Take your lumps and get out now, it's only going to get worse. There was a good article in the Atlantic Monthly about this, check it out.

Thursday, February 14, 2008 12:06 PM

In the short run, make lemonade

Years ago, I bought a house just before a "correction" in the market. Got divorced, wanted to get rid of the house, and discovered that the house's value had gone down and I couldn't sell. So I held on, though it felt like a stretch to afford (and I had to make an agreement with my ex that he'd get his share out of it too).

Because I lived in a place where people generally want to live, a relatively nice neighborhood, the housing values eventually recovered. So 5 years later I sold at a profit.

In the meantime, I did what I could to make the house more pleasant to me and to the future buyers. Because I waited out the bad market, I was able to get my money back, plus enough profit to buy a good place in an urban neighborhood I liked.

So LW has my sympathy. IF your neighborhood is a desirable one, you'll probably get your money out of the house, but maybe not this year. While you weather this little storm, go out and learn about neighborhoods, check out open houses. Decide which neighborhood you really want to live in, and get to know it well. If you're planning a family, schools will be critical so learn about them as well. When it's time to jump, you'll be ready.

View this as an assignment in an alien land. Make your space as pleasant as you can while planning your escape.

Thursday, February 14, 2008 12:37 PM

Yes! New Urbanism - Bringing Back Neighborhoods

Haven't read the other LoCs yet, but I just wanted to say that everything the LW said about modern suburbia is true. If you want more information, read Sprawl Kills: How Blandburbs Steal Your Time, Health, and Money by Joel Hirschhorn.

Cary's suggestions are good. Also, look up "sustainable communities", and placemakers.com.

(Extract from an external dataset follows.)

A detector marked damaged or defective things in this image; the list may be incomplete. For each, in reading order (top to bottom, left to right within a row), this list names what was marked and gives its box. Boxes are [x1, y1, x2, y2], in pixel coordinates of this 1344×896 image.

Thursday, February 14, 2008 12:40 PM

Maybe try a college town

I movd from San Francisco to a college town of 60,000 people about 7 years ago. The town is completely surrounded by farmland and we have a slow-growth measure in place, so we're not really a suburb (even though a large city is 15 miles away), but an isolated community that isn't part of any suburban sprawl. I guess some people would consider my house to be a typical suburban house, but I bike to work on a dedicated bike path, and can walk 4 blocks to a grocery store, bank, four restaurants, a non-chain coffee place, etc. We have a fantastic farmers' market two days a week all year round, virtually no violent crime, and great schools. I'll probably leave when my son goes off to college next year, but no way would I ever move back to San Francisco. If your idea of "soul" is people urinating on the streets, trash everywhere, pandhandlers every block, and all at exhorbitantly high housing prices, well, then I guess I'd rather be soulless. I was back there last Sunday and I can't believe I ever thought that was a good quality of life. Great restaurants don't cancel out all the negatives.

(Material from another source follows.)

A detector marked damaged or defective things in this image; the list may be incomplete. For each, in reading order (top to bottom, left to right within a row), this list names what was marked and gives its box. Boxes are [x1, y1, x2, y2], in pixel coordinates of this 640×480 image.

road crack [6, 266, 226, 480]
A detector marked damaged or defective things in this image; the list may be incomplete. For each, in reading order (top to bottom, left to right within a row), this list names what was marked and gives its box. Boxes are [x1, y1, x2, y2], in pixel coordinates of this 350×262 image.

Thursday, February 14, 2008 12:55 PM

I'll trade

I'll take your house in the 'burbs with a nice kitchen, central heating, room to have more than three friends over at a time, and best of all a yard where I can sit in the summer and drink a cocktail at sunset, let my kitty cat out to hunt beasties without the thought of her getting squished by a car, and grow a real garden that gets sunlight and attracts bumblebees and hummingbirds.

In exchange, you can have my first floor apartment in a 1905 Victorian with a throw-rug yard, that hasn't been renovated ever, with little to no insulation in the walls, steam heat that only heats the living room and kitchen before the thermostat trips and the boiler shuts off, and Brazilians upstairs who play really good music at really bad times (like 2am), and a landlord who took 4.5 years to install the double-glazed windows that required by my state's building code and fix the crumbling drywall in the bathroom. I won't even ask about the cracking lead paint that covers all the trim.

But hey, there's a cool subterranian bar and an overpriced "indie" coffee shop in walking distance, and we're right on the bus line so if you don't mind waiting for 30 minutes in 15-degree (with windchill) weather for four months a year that should be OK, right?

Thanks! I'll pack my stuff this weekend!